- [PROBLEM DESCRIPTION]:
Please transcribe exactly, and only, the lines of the data below between the line holding "CA license plate 7MEX501" and the line holding "Diamond Blue Clover Motif Pendant Necklace", inclusive.

━━━━━ EXTRACTED ENTRIES

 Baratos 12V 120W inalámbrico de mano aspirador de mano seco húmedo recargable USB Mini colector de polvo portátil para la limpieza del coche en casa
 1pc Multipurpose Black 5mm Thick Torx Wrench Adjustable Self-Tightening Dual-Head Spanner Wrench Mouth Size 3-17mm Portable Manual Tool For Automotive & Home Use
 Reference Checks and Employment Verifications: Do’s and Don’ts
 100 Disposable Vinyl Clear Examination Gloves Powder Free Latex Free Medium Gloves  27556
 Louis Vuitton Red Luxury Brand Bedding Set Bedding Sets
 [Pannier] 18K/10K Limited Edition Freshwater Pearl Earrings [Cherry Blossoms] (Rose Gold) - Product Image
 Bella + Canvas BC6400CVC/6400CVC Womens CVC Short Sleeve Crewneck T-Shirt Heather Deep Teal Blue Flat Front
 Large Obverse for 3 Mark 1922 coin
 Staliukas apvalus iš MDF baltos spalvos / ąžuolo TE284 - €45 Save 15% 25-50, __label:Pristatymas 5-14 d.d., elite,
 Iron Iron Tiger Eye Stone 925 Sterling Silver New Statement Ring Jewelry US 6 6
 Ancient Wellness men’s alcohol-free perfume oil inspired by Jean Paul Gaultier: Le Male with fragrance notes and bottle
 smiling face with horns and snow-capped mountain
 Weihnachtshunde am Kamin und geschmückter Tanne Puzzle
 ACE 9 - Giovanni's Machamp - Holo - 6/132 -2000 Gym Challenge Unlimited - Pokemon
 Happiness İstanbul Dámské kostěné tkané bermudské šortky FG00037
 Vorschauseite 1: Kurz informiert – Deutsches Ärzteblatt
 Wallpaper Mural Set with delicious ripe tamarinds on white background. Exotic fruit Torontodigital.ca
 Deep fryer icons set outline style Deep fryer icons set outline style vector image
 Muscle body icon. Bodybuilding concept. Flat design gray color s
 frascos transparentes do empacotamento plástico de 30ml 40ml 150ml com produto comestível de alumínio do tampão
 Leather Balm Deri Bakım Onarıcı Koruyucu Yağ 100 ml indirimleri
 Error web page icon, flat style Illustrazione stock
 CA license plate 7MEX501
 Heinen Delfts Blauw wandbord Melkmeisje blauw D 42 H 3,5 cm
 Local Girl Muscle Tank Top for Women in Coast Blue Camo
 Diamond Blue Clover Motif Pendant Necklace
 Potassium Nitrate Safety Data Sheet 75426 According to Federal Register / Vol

━━━━━━━━━━

- [SOLUTION FOR THIS TASK]:
 CA license plate 7MEX501
 Heinen Delfts Blauw wandbord Melkmeisje blauw D 42 H 3,5 cm
 Local Girl Muscle Tank Top for Women in Coast Blue Camo
 Diamond Blue Clover Motif Pendant Necklace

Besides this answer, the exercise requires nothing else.